Candid Comment: Thing of the Past, Future, but not Present

THE Constitution Amendment No 19, which was drafted and piloted through parliament by Patrick Chinamasa, the current Minister of Justice, has made most of the former citizens of Zimbabwe stateless persons.  Even the President of Zimbabwe is no longer a citizen of this country.


Amendment No 19 repealed the former Chapter II of the Constitution and substituted a new Chapter. 

The new Chapter II provides as follows.  In Section 4 it states that there is a common Zimbabwean citizenship (whatever that means) and that all citizens are equal (which also is nonsensical).  It then goes on to spell out the duties of every Zimbabwean citizen to observe the constitution and to respect its ideals and institutions, to respect the national flag and the national anthem, and, to the best of his or her ability, to defend Zimbabwe in time of need.

It says that every Zimbabwean citizen is entitled to the protection of the state wherever he or she may be (even though he or she might not get it).  Finally, section 4 (4) provides that Zimbabwe citizenship may be acquired by birth, decent or registration. 

The new Section 5 spells out the provisions for acquiring citizenship by birth as follows.  Everyone born in Zimbabwe is a Zimbabwean citizen by birth if, when he or she was born, either of his or her parents was a Zimbabwean citizen or either of his or her grandparents was a Zimbabwean citizen by birth or descent.  Similarly with citizenship by descent.  

The new Section 6 provides that anyone born outside Zimbabwe is a citizen by descent if either of his or her  parents was a Zimbabwean citizen.

To take one well-known example.  The president, who recently celebrated his 85th birthday, was born on February 18 1924.  Neither of his parents could possibly have been a Zimbabwean citizen because there were no Zimbabwean citizens at that time.  Therefore the president is no longer a citizen of Zimbabwe. 

Everyone born in this country before April 18 1980 has likewise ceased to be a Zimbabwean citizen.  The new Section 7 provides that anyone who has been voluntarily and ordinarily resident in Zimbabwe for at least 10 years may apply to become a Zimbabwean citizen by registration. Can our Citizenship Office handle three or four million applications for citizenship?  

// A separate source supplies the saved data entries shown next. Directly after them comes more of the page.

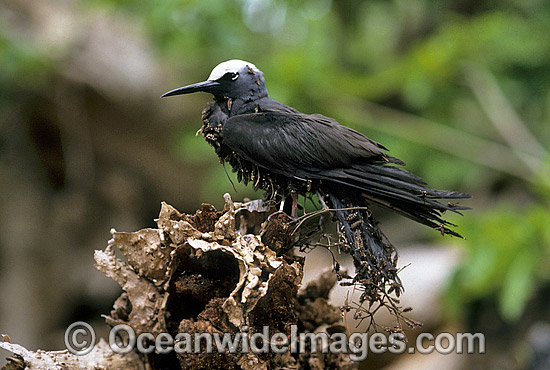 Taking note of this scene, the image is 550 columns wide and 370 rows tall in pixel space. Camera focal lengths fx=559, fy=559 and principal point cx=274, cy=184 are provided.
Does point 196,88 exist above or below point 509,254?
below

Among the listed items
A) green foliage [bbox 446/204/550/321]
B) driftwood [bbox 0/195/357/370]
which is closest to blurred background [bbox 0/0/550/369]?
green foliage [bbox 446/204/550/321]

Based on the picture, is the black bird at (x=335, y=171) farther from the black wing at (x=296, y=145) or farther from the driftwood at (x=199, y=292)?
the driftwood at (x=199, y=292)

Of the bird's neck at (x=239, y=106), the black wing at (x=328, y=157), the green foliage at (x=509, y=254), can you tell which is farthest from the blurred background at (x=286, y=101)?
the black wing at (x=328, y=157)

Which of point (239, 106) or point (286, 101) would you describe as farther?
point (286, 101)

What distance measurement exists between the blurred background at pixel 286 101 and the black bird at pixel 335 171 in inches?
68.5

Ordinarily, when a provision such as the new Chapter II is introduced, there is a savings clause.  Thus, when the 1979 Constitution was drafted (by a more competent draftsman, obviously) the first section of  Chapter II, which Amendment No 19 repealed, provided that a person who, immediately before April 18 1980, was or was deemed to be a citizen by birth, descent or registration shall, on and after that day, be a citizen of Zimbabwe by birth, descent or registration, as the case may be.  The new Chapter II, does not contain such a provision.

If the constitution is not changed so as to provide that persons who were Zimbabwean citizens immediately before Amendment No 19 was promulgated will retain their citizenship, there will be problems in finding candidates for the next presidential election.  

Section 28 of the constitution provides that, to be qualified for election as president, the person must be a citizen of Zimbabwe by birth or by descent and must have attained the age of 40 years. Under the current provisions of the new Chapter II persons who have attained that age can only become citizens by registration.  Under Chinamasa’s new law there will be no Zimbabwean citizens by birth or descent who are 40 years of age until 2020!

Justice Smith is a retired High Court judge.